One question heard throughout the conference was whether we could have a new kind of visual language that would enable scientists to represent and analyze the new kinds of data they are generating. Much of these data map processes rather than structures — genetic and macromolecular processes inside living tissues, the processes in the formation of stars and the processes taking place in our atmosphere that lead to global warming. One of the most arcane yet fascinating sessions was devoted to the topic of how to represent in pictorial form multidimensional sets of data. How, for example, do we begin to make sense of a 17-dimensional “cloud” of data points?
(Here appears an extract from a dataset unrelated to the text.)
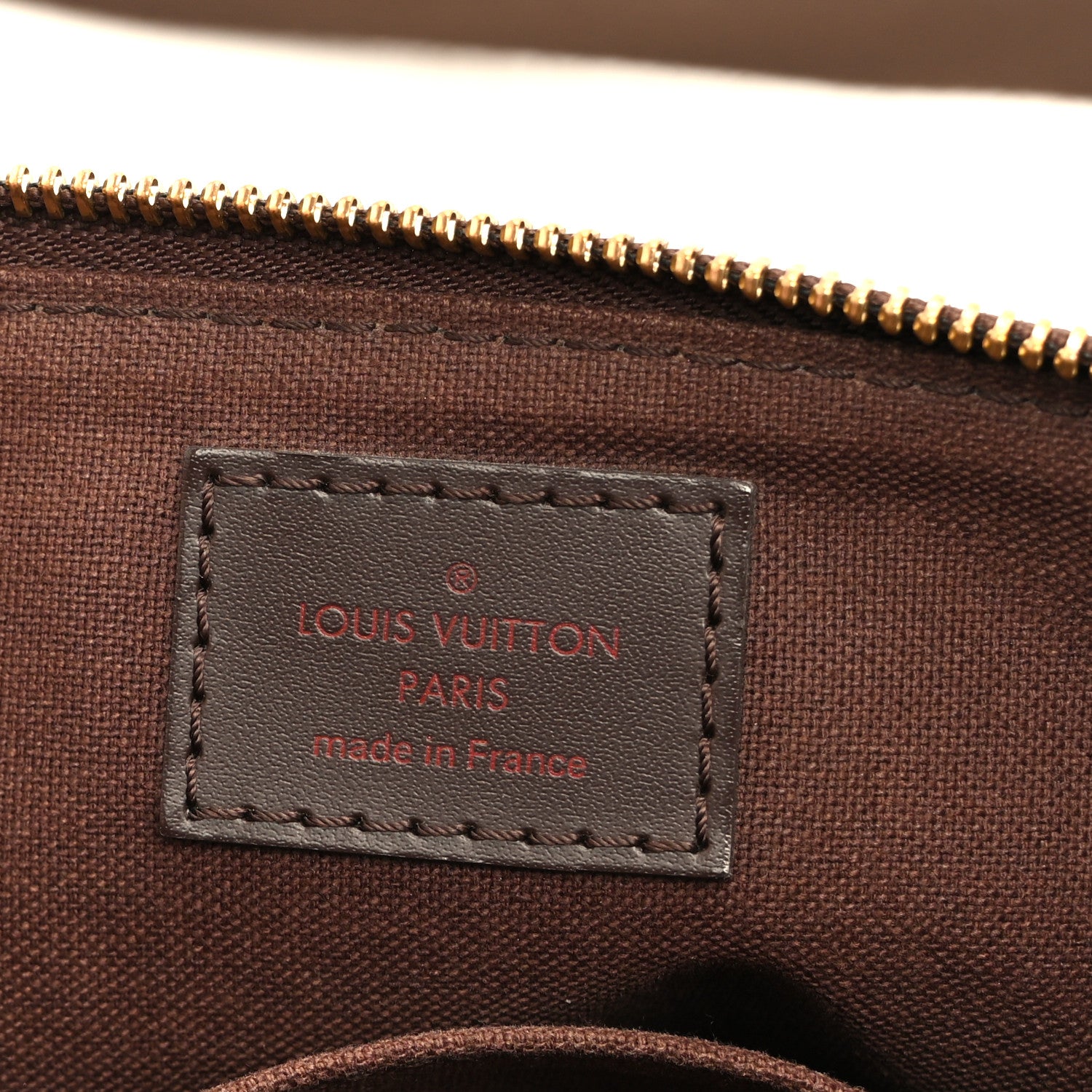 Louis Vuitton Damier Ebene Brooklyn Flat Pochette 6 of 10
Though the end goal may be an equation, there are few tools more astute at picking out overall patterns than the human eye; hence visualizing data in graphical form can quickly reveal relationships that would be obscured by the numbers alone. Even if one does not know at first what the patterns mean, at least one has discovered that they are there — and exploration can begin.
Pat Hanrahan, a computer scientist at Stanford who specializes in graphic representations of complex systems, championed the idea of a “universal visual language.” Though much of Hanrahan’s career has been spent perfecting methods for generating ever more realistic simulations of skin and hair and faces, and translucent materials such as alabaster, his research is increasingly focused on visualizations of the processes inherent in physical phenomena. Hanrahan sees computer graphics as “a powerful tool for scientific problem solving.” Speaking by phone from Palo Alto, he noted that “science is filled with these other levels of abstraction that cannot be captured with realistic pictures.” By “working out how to abstract the essence of a system and transpose it into graphical form,” Hanrahan believes that science is poised for a new era of profound discoveries.
In science as in art, images may be literal representations generated through the now-vast variety of photographic techniques, from X-rays and gamma rays to electron microscopy, magnetic resonance imaging (MRI) and positron emission tomography (PET scanning). At IM2, both genres were celebrated as new sources of scientific insight. As Frankel noted, “The very process of thinking about what you want to represent helps you to understand what you are trying to represent.” The goal here — so splendidly realized — was to re-imagine the world.